Making each day count
Mr Kirby has had an impressive career. He is an international jurist, educator and former judge. He has served as deputy president of Australia Conciliation and Arbitration Commission, chairman of Australian Law Reform Commission, judge of the Federal Court of Australia and justice of the High Court of Australia.

And he hasn’t quite stopped. There’s no such thing as a typical day for Mr Kirby. It all depends largely on where he is in the world. Australia: chambers at 6am and home by 8pm, a day packed full of meetings, engagements and speeches.

If overseas it’s conferences, which he usually tries to pack together so he can tackle them all together, and sometimes international commercial arbitration. In-between all of these commitments, Mr Kirby could spend his day doing anything from writing book forewords, mediations and lunching with old friends.

“I have not returned to the bar as many ex-judges have done,” he said. “In this, as in other things, I display an endearing conservatism in my nature. Going back to the bar after being a judge would have been unthinkable until quite recently.”

Mr Kirby’s notable dissent rate earned him the nickname “Great Dissenter”. In 2004, he delivered a dissenting opinion on nearly 40 per cent of the matters he was part of, almost twice as many as his High Court colleagues. In his constitutional cases, his dissent rate was more than 50 per cent.

He said contrary to the nickname, he did not find it difficult to work in a collegial environment. During his career at the Australian Law Reform Commission, the Court of Appeal of NSW, the Court of Appeal of Solomon Islands, the UN mandate on Cambodia and North Korea: “I was a good leader and team player.”

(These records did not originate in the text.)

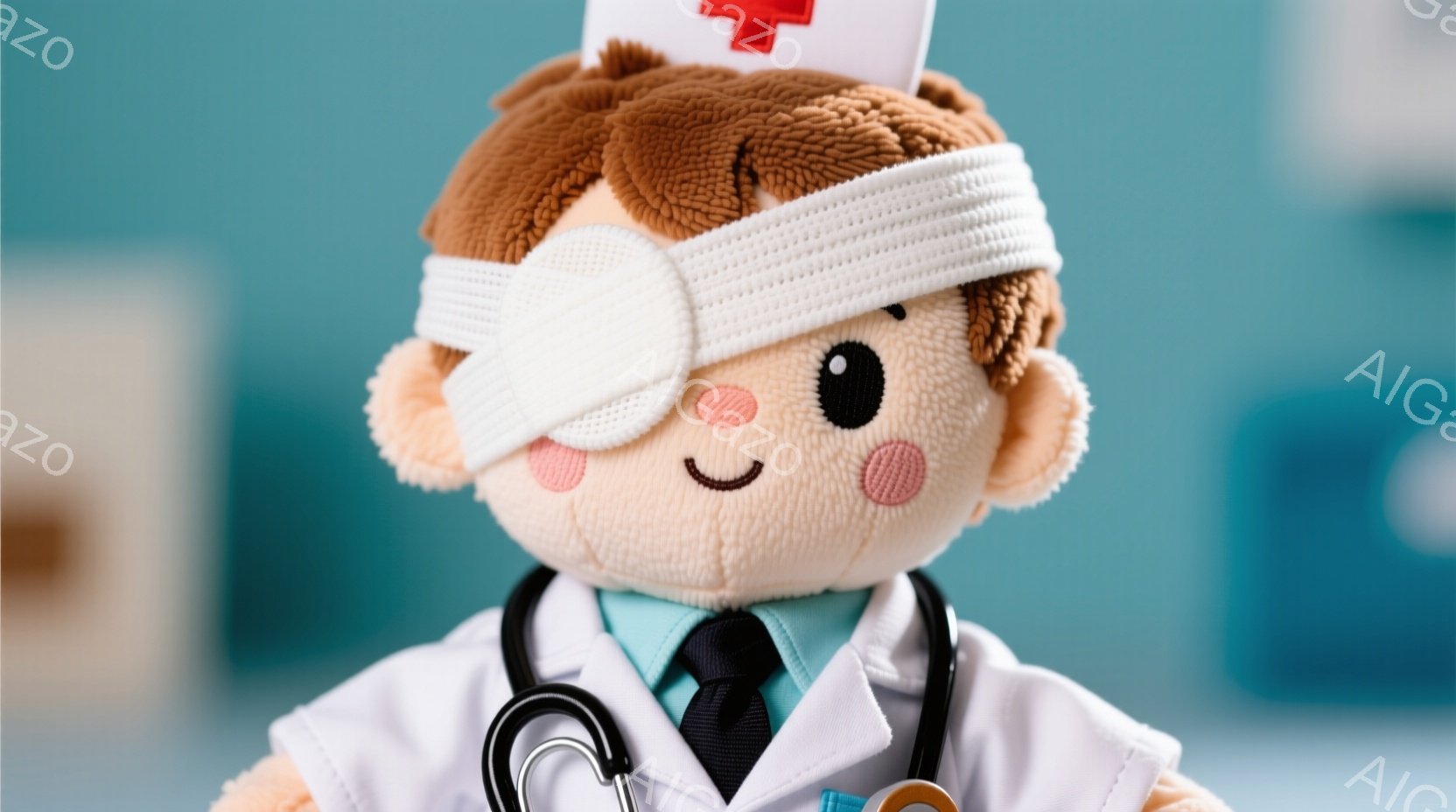 ふわふわの茶色の毛並みを持つおもちゃの猿が、白衣とネクタイを身につけています。片方の目に包帯を巻き、首には聴診器をかけており、少し困ったような、またはお茶目な表情をしています。背景は薄い水色で、ぼやけた医療機器がわずかに見え、全体的に優しい雰囲気を醸し出しています。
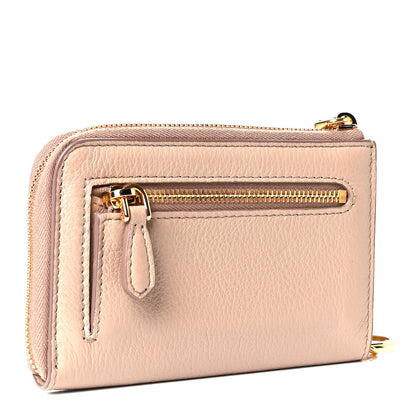 Prada Vitello Daino Zip Around Keychain Sughero 2 of 5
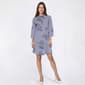 Womens Mlle Gabrielle Long Sleeve Stripe Floral Shift Dress - image 1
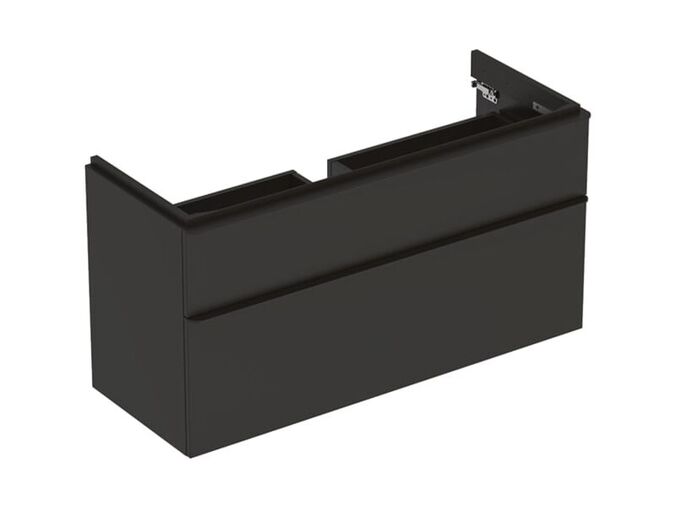 Geberit Smyle Square skříňka pod umyvadlo 118,4x47x61,7 cm, 2x zásuvka, láva mat/láva mat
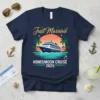 Just Married Honeymoon Cruise 2025 t-shirt featuring a cruise ship at sunset with palm trees and a wedding ring graphic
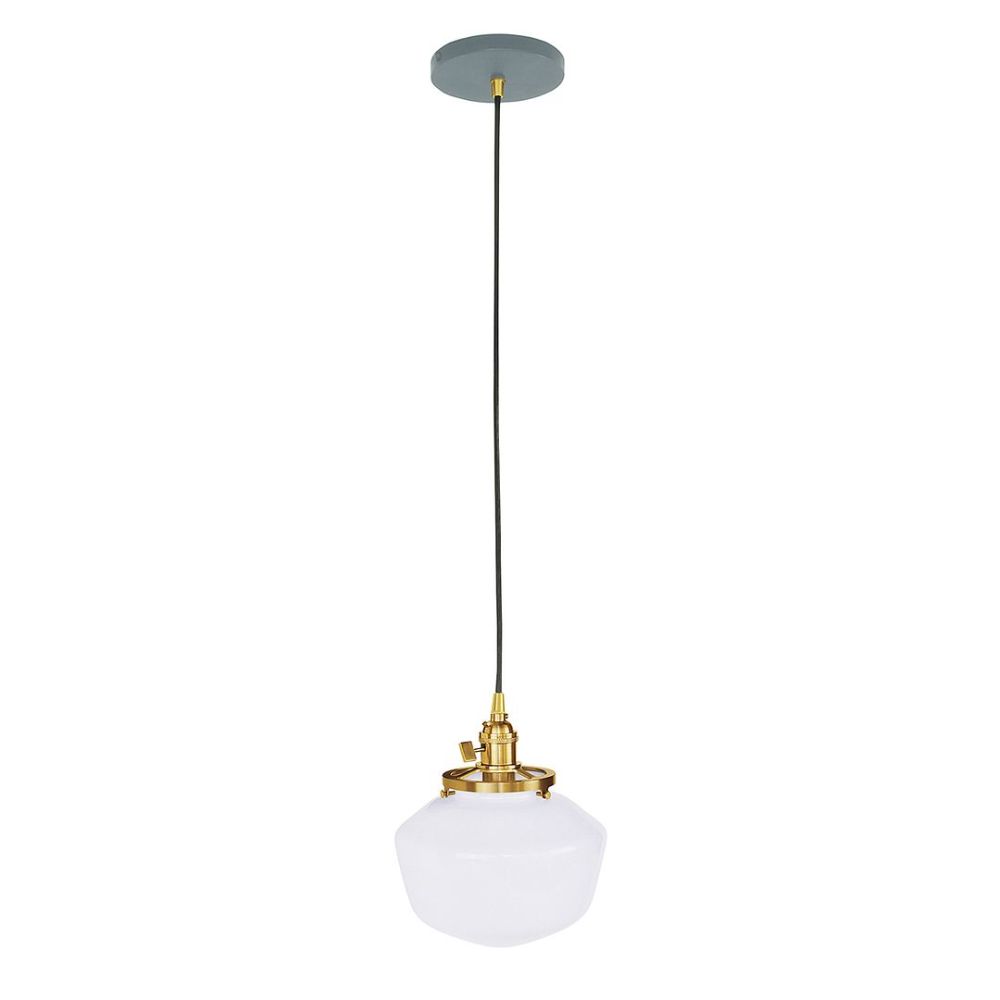 Montclair Lightworks PEB413-40-91 Uno 8" Pendant, with Schoolhouse glass shade,  Slate Gray with Brushed Brass hardware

However, he noted disagreeing with colleagues is “unpleasant and frustrating” and it adds to the workload. He said, “It has to be left to others to judge the merits of the disagreements to which I gave expression” and added that if he had been appointed chief justice in 1995 (as might have happened) it would be different.

Career highlights
Mr Kirby said he often gets asked what his favourite case is, but in truth he cannot pick just the one: “Basically, I enjoyed the challenge of every case.”

“I felt lucky to be a judge in the courts to which I was appointed. The cases were virtually always interesting to me,” he said. “Judges who complained that the work was boring needed to get a new attitude to the tasks,” he said.

He did now concede that Al-Kateb v Godwin [2004] has become a favourite as it “illustrates neatly the choices judges face (certainly at the level of the Court of Appeal and the High Court) between adopting formalistic reasoning and recognising the room for re-expression of the law that lies before them.”

Al-Kateb v Godwin was a decision of the High Court of Australia that ruled on the indefinite detention of a stateless person as lawful. The case concerned Ahmed Al-Kateb, a

Palestinian man born in Kuwait who moved to Australia in 2000 and applied for a temporary visa. The decision is still regarded as controversial.

For any judge to make decisions like this (or any in the courtroom), Mr Kirby said there are many skills needed. They include honesty, integrity, having a sense of independence “but also a desire to work constructively with others”, having good manners and an abhorrence to bullying and discrimination.

“In the ALRC, the Court of Appeal and my many UN tasks I have made it a point to work with others as a team,” he told me. “Contrasting the approach of my predecessors, my colleagues described the NSW Court of Appeal when I was president as a ‘collective’ or ‘soviet’. We met weekly. We worked through the backlog and also administrative challenges together.”

He added that in the High Court, “things operated in a different way”. But he would always try to preserve a professional attitude as “bad manners on behalf of the judge invariably embarrassed me intensely”.

Too humble to answer what he believes is his biggest career achievement to date – “It is really for others to assess any achievements and also my failings” – Mr Kirby did relent his professional personal achievement instead.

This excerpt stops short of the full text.